(Beginning of Data excerpts)

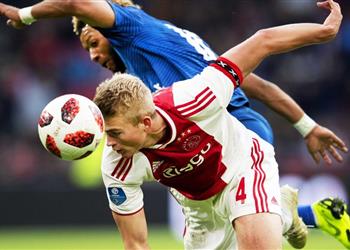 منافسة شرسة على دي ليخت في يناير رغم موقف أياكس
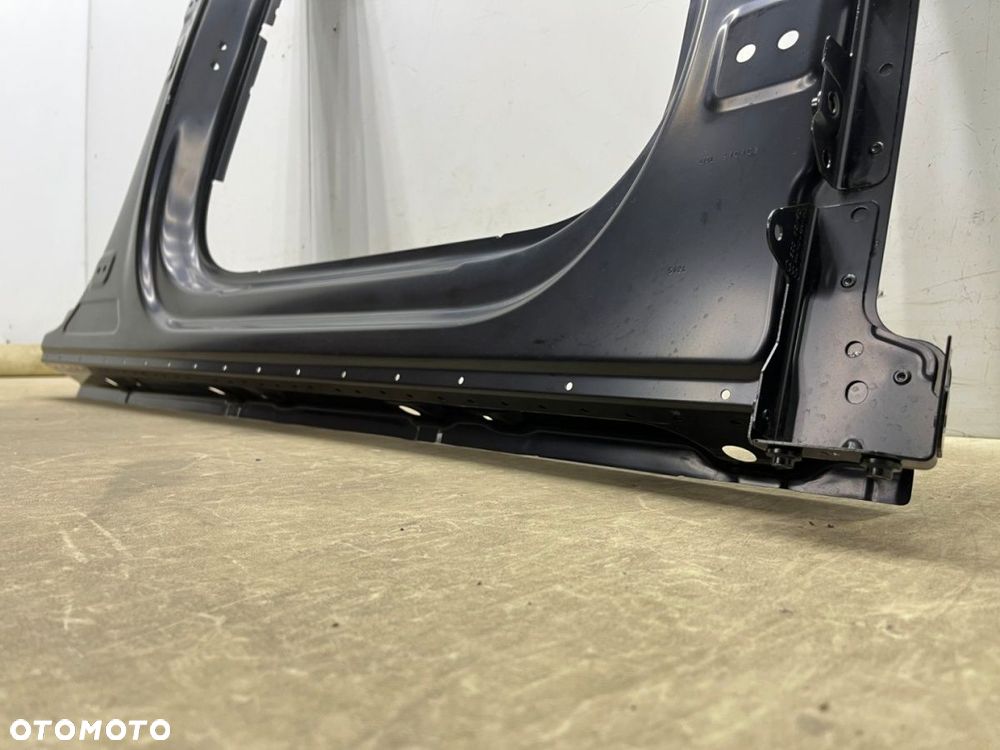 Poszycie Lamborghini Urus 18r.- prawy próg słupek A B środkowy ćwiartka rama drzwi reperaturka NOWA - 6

(End of Data excerpts)
(Beginning of Data excerpts)

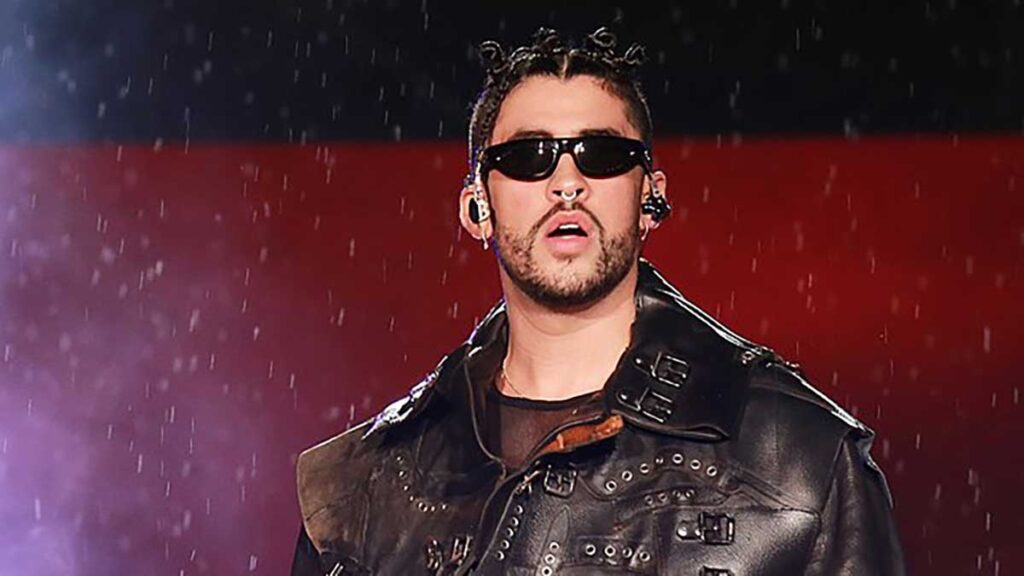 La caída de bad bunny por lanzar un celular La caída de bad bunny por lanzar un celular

(End of Data excerpts)

# The problem:
Set down again, exactly, every line above from the one with "منافسة شرسة على" down to the one with "Poszycie Lamborghini Urus", both ends included. No pictures, and nothing else.

# Exercise response:
 منافسة شرسة على دي ليخت في يناير رغم موقف أياكس
 Poszycie Lamborghini Urus 18r.- prawy próg słupek A B środkowy ćwiartka rama drzwi reperaturka NOWA - 6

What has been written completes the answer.